Este irlandés nacido en la miseria, de carácter afable e inasequible al desaliento, estuvo en tres de las cuatro grandes expediciones británicas al polo sur y jugó un rol fundamental en cada una de ellas. Pero la historia le había olvidado. Hasta que el escritor y periodista británico Michael Smith lo recuperó para la humanidad en Un héroe olvidado. La historia de Tom Crean, el hombre que sobrevivió a la Antártida, que la editorial Capitán Swing acaba de traducir al español.
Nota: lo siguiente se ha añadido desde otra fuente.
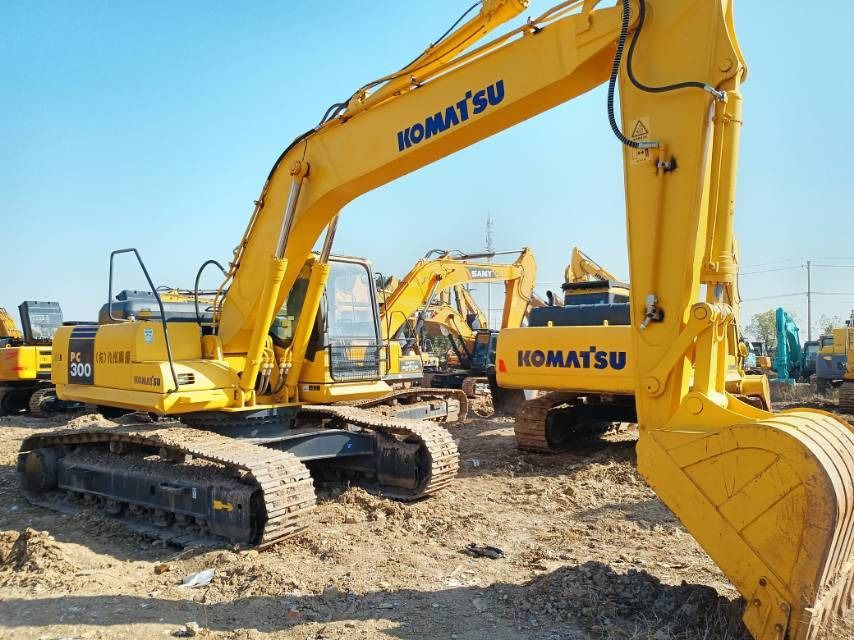 2022 Komatsu PC300 Crawler Excavator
“Es sorprendente que la historia pasara por alto casi por completo a Crean”, cuenta Smith en conversación por videoconferencia, “porque si lees sobre el capitán Scott o Shackleton su nombre aparece en todos los episodios importantes. Fue una figura central en este periodo y no se puede escribir la historia de la Antártida sin valorar su enorme contribución. Pero no había nada escrito sobre él. Y eso realmente tiene que ver con la historia irlandesa”, adelanta.
Porque, como era medio analfabeto, cuando regresó de su último viaje no escribió ningún libro que le ubicara en la historia. Tampoco había llevado un diario de sus viajes, otra de las fuentes habituales para estas expediciones, y apenas enviaba cartas. De vuelta a un país convulso tras la independencia de Gran Bretaña y la posterior guerra civil, abrió una taberna en su Gurtachrane natal –que aún sigue allí– y no habló jamás de sus hazañas. Era peligroso para cualquiera que hubiera estado asociado a los británicos, y él venía de pasar años cobrando de la armada enemiga. Su propio hermano, policía local, fue emboscado y asesinado a tiros por ello. Así que, el explorador que más tarde daría nombre a un glaciar y a un monte en la Antártida, optó por un perfil bajo.
Tras penar en el hielo durante tres expediciones y realizar dos de las mayores gestas registradas en la historia de la exploración, el hombre que había sobrevivido al frío extremo, a una navegación imposible y al hambre extrema murió por una simple apendicitis cuando tenía 61 años. Con él se perdió su memoria. Esta injusticia histórica trata de reparar hoy Smith con su libro, un meticuloso relato de las grandes expediciones polares británicas que transporta al lector a un entorno desolador de temperaturas impensables, incompatible con la vida, en el que un puñado de pioneros desafiaron toda lógica. Donde todo es blanco, pero nada es amable. El único lugar de la tierra en el que no vive ningún ser humano.
Salirse del mapa
En las primeras décadas del siglo XX el mundo era más grande que hoy. Los mapas aún tenían espacios en blanco que los imperios querían llenar, y países como Gran Bretaña, Rusia o Noruega se lanzaron a la conquista de los polos en una carrera frenética por ser los primeros en plantar su bandera. Ese nacionalismo feroz alimentó la llamada época heroica de la exploración polar y el Gran Juego en Asia, que culminaría con la conquista del Everest (oficialmente) en 1953.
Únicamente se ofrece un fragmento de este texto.